Google defended its practices in a statement Friday.
“Protecting kids across our platforms has always been core to our work,” Jose Castaneda, a Google spokesperson, said. “In collaboration with child development specialists, we have built age-appropriate experiences for kids and families on YouTube, and provide parents with robust controls. The allegations in these complaints are simply not true.”
The other companies didn't immediately respond to requests for comment on the ruling but they too have defended their practices in the past. Antigone Davis, Meta's Global Head of Safety, responded to one of the lawsuits in March saying the company wants teens to be safe online and offers more than 30 safety tools for kids and families, including supervision and age verification technology.
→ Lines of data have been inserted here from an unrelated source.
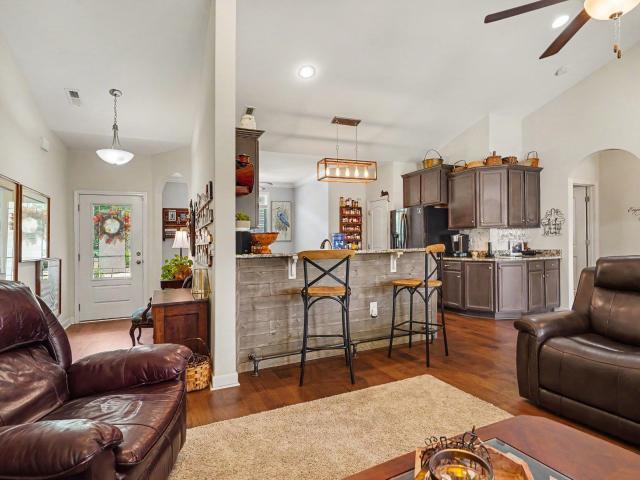426 Carrick Loop
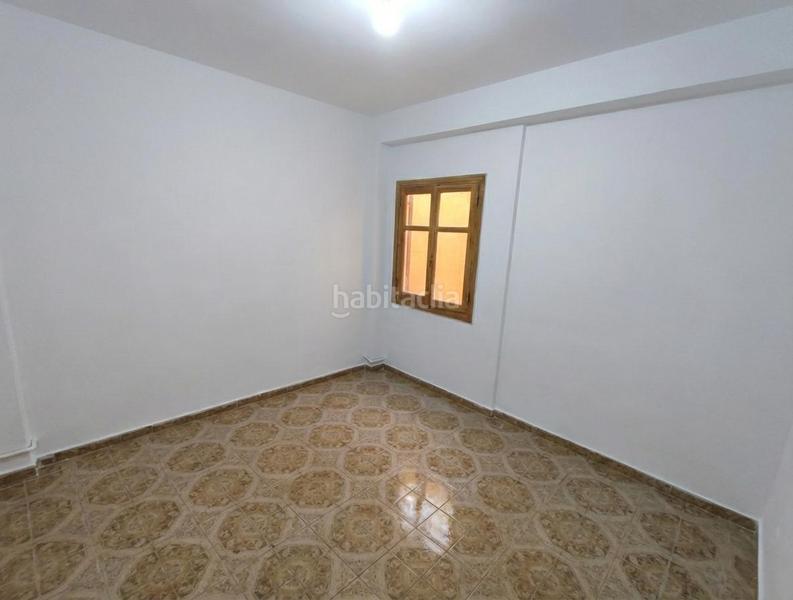 Foto ae8647af-fd01-410e-8979-14fe0d5d34d1. Pis a calle jaul 17 a Ciudad Jardín - Tagarete - El Zapillo Almería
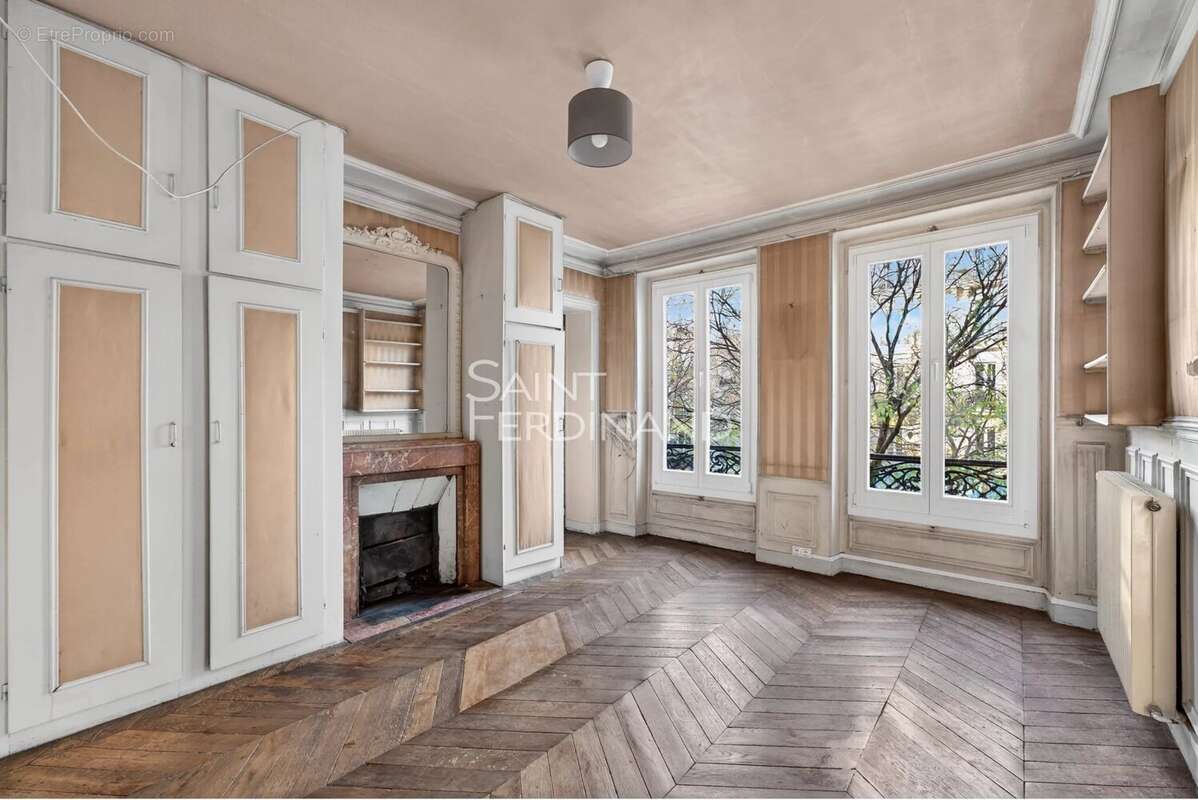 Appartement à PARIS-4E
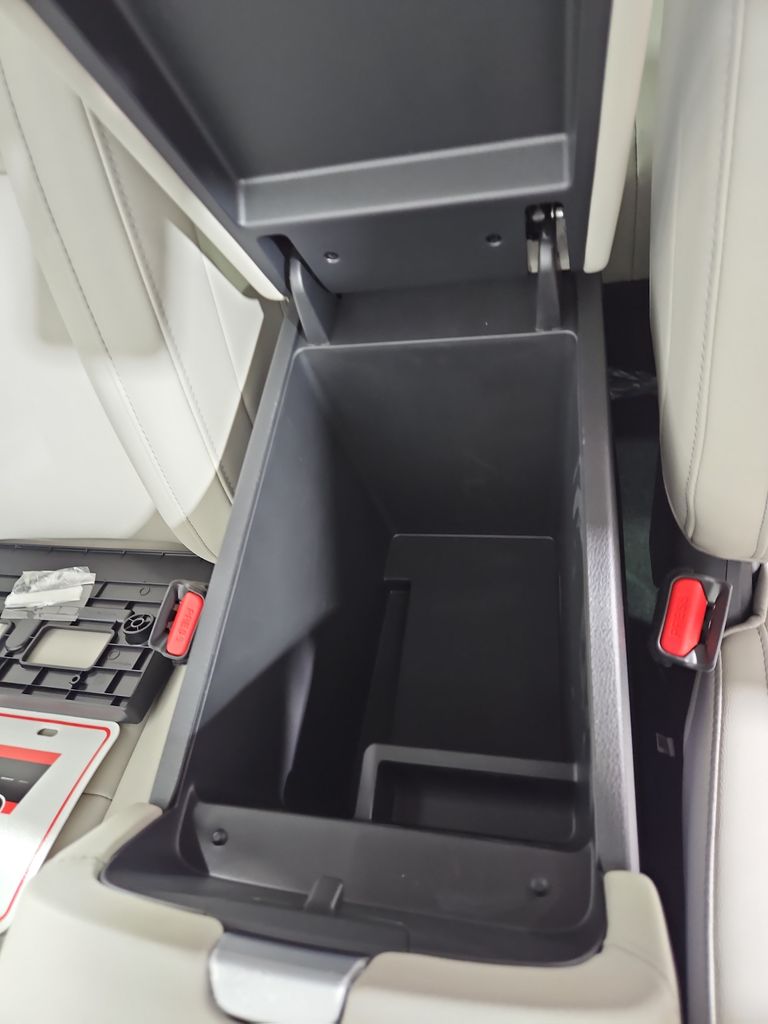 2025 Nissan Murano SL Image 24 of 31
The judge also tossed out seven other claims in the lawsuit, including an argument that the companies should be held liable for the defective design of their platforms. The concept of product liability was “created in a different era to solve different problems,” Kuhl wrote. Social media present “new challenges” under the law, she said, because they're not tangible. “One cannot reach out and touch them,” she said.
Lawyers representing minors in the similar collection of lawsuits filed in federal court also face a request by the companies to dismiss the litigation.
The case is Social Media Cases, 22STCV21355, Superior Court of the State of California, County of Los Angeles.